═════ COLLECTED DATA

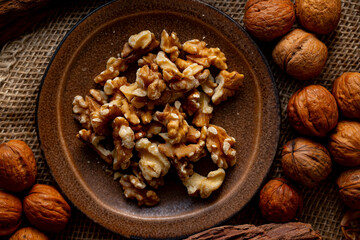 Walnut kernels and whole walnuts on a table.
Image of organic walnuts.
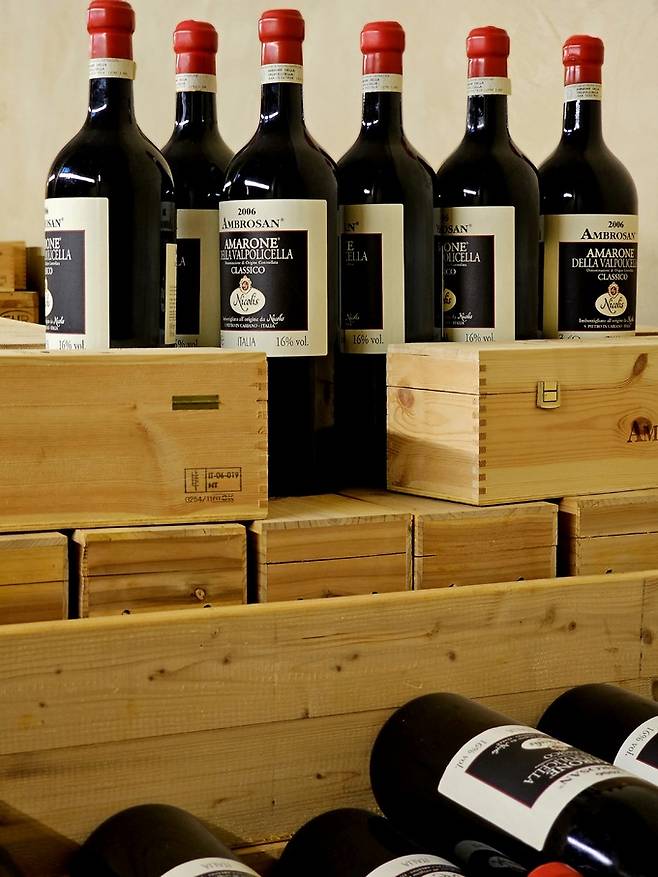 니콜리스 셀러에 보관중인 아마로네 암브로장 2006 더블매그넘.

══════════

#### ACTION ITEM:
Type out the data above once more, exactly, with no images included.

#### EXERCISE OUTPUT:
 Walnut kernels and whole walnuts on a table.
Image of organic walnuts.
 니콜리스 셀러에 보관중인 아마로네 암브로장 2006 더블매그넘.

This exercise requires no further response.